The other eyebrow raises up. “Awfully nice to assume the best.”

She’s danced the self-loathing dance before, she’s not going to go duo on it. “If you were going to play me by showing up with a stab wound, you’re much stupider than I thought, so let’s not pretend that.” A fission of surprise flashes over his face, but she continues on. “If you honestly thought your last words were going to be about saving her...”

He looks away, and it’s a small triumph. He broke first.

“So they have her in a lab?” She prods, and his shoulders slump.

Bruises mar the pale skin on his shoulders, bruises she didn’t notice the night before, with all the blood and horror. Bruises, too fresh to be from under the mountain.

Along his back there are scabs and scars, deep enough that their edges rim in red, not healed or cared for properly. Again, too recent to be from under the mountain.

Similar scabs around his wrists, inflamed and bright pink. Whatever happened to him, it wasn’t exactly kind to him.

She should probably get him a shirt. But instead she just sips her coffee.

“They have her strapped up in copper, have needles going into her brain,” he says, not noticing her gaze on him. “Testing her for powers, leaching it off of her. She cries all day long, asking for help, asking for you.”

She flinches at that dig.

“They don’t let her out, they don’t give her food, they don’t do anything they could do to stop the pain. Even while siphoning, they could...they could do a lot, and they don’t.”

Katya clutches at the coffee mug, as if that could give her some sort of control. “What’s the security on the facility?” She asks, forcing her voice to be icy, forcing it to be professional.

He blinks at her again, like she’s still surprising him. “A lot,” he says, begrudging. “Rotating guards, electronic interference.” He reaches into his pocket, pulling out the tracking bug she had planted on his equipment the first night on the mountain. “Tried to send you something in Morse code, don’t think it worked.”

“Didn’t work at all,” she confirms. “Thought I hid that better.”

“Like I wouldn’t notice something on me the moment I put that on,” he says, the prideful look back.

“So you just kept it, then?” She asks, cutting under him. “Before we found her, just decided to let me track you?”

He gives her an honest to god dirty look, and if not for the serious conversation, she would have smiled.

“Do you think you can draw up a map for me?” She asks, switching it up. “Draw up some schematics, so I know what I’m up against?”
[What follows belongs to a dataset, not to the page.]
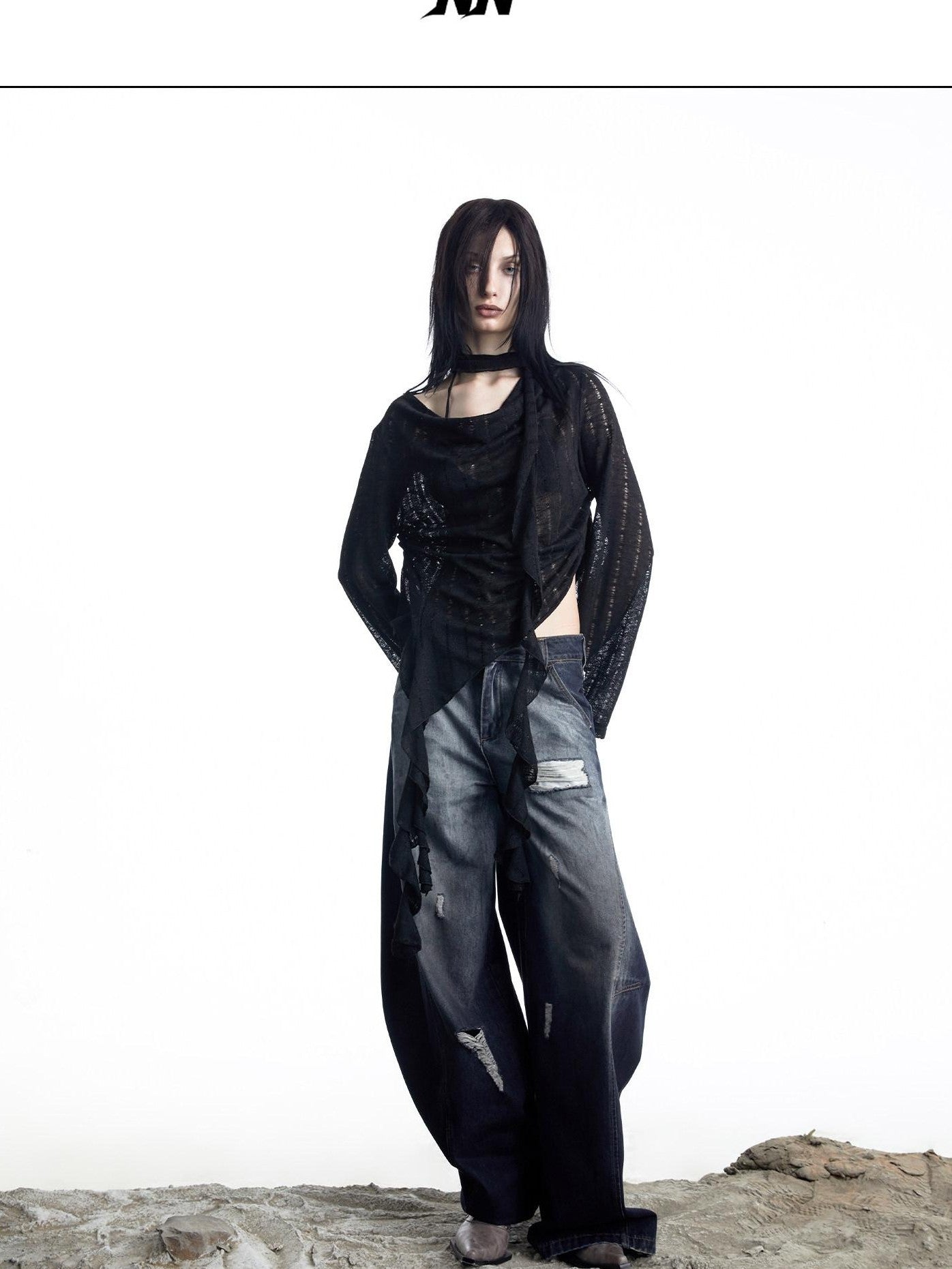 NORTH NODE Wasteland Asymmetric Lotus Ruffle Women&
He hesitates, but nods. “I can get something.” He leans back, finally sipping from the coffee, his scowl lost. “You’re going to need help, and lots of it,” he says, like it’s pulling something from him to say that. “You need to call in...who you need to call in.”
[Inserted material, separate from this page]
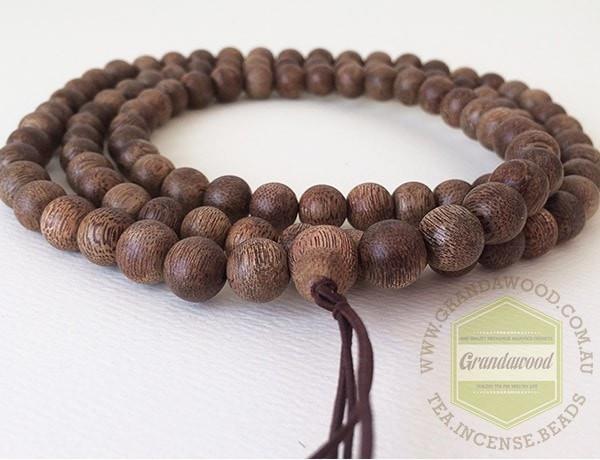 SOLD- Vietnamese Wild Agarwood mala necklace 108 beads buddhist prayer beads -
She understands what’s said, understand what’s unsaid. “I’ll take care of that,” she says, and there’s relief in his eyes, as he looks away. “So this’ll need some planning, it might take me time to organize it,” she warns. “The people I need to ask aren’t in cell contact right now.”
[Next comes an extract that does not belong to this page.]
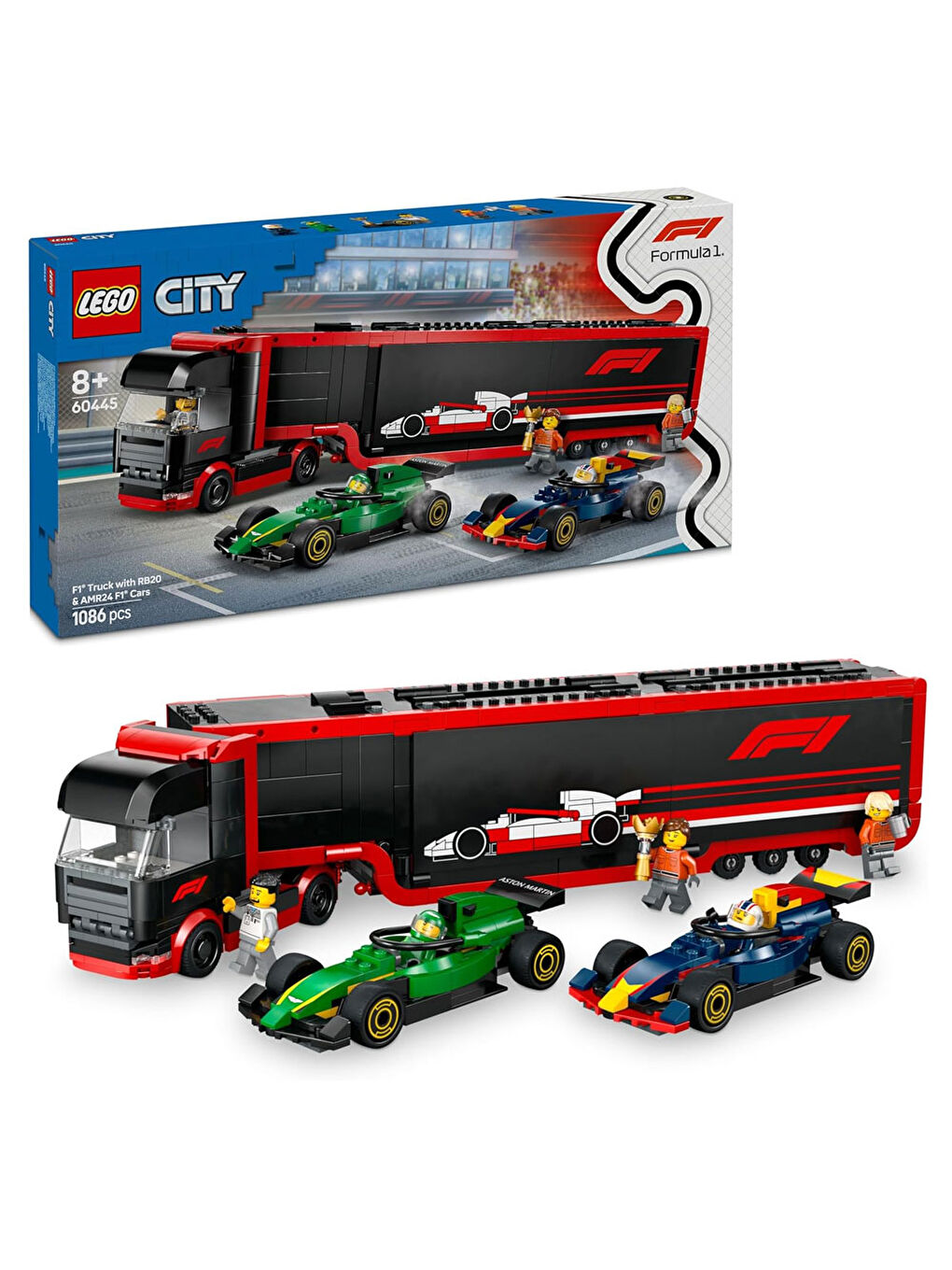 Lego City RB20 ve AMR24 F1 Arabalı F1 Kamyonu 60445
His shoulders slump again, but he nods. “I don’t think they’re going to kill her, not anytime soon, she’s generating too much for them.” His hands spasm against the coffee cup. “We have to help her, Katya Rinne, we have to.”

She places a hand on his bare arm, avoiding any of the bruising, and he looks at it, sharp. “We will,” she says. “Don’t worry, we will.”

Slowly, she feels his muscles release under her hand, and keeping himself so tense is not great for a stab wound, but it’s like once he got all the information out, everything out that he could think of, he’s only barely letting himself relax. He leans more against the couch, presses the other hand against his wound.

“I’ll need to do proper stitches on that sometime,” she warns him, and he gives her another surprised look. “It’s just a butterfly bandage now, I didn’t want to stitch it before I could tell if you got an infection.”

He almost pulls a face, but stops himself, visibly restraining himself from hurting her feelings. Which is new, a new sensation, one she’s not sure what to deal with.

“Also, you kissed me last night,” Katya says, leaning back against the couch, gauging him. “Was that another thing you did thinking you would die?”

He blinks at her, like a deer caught in high beams.

“But you didn’t die, so now you have to explain that.” She sips her coffee, keeping her eyes on him.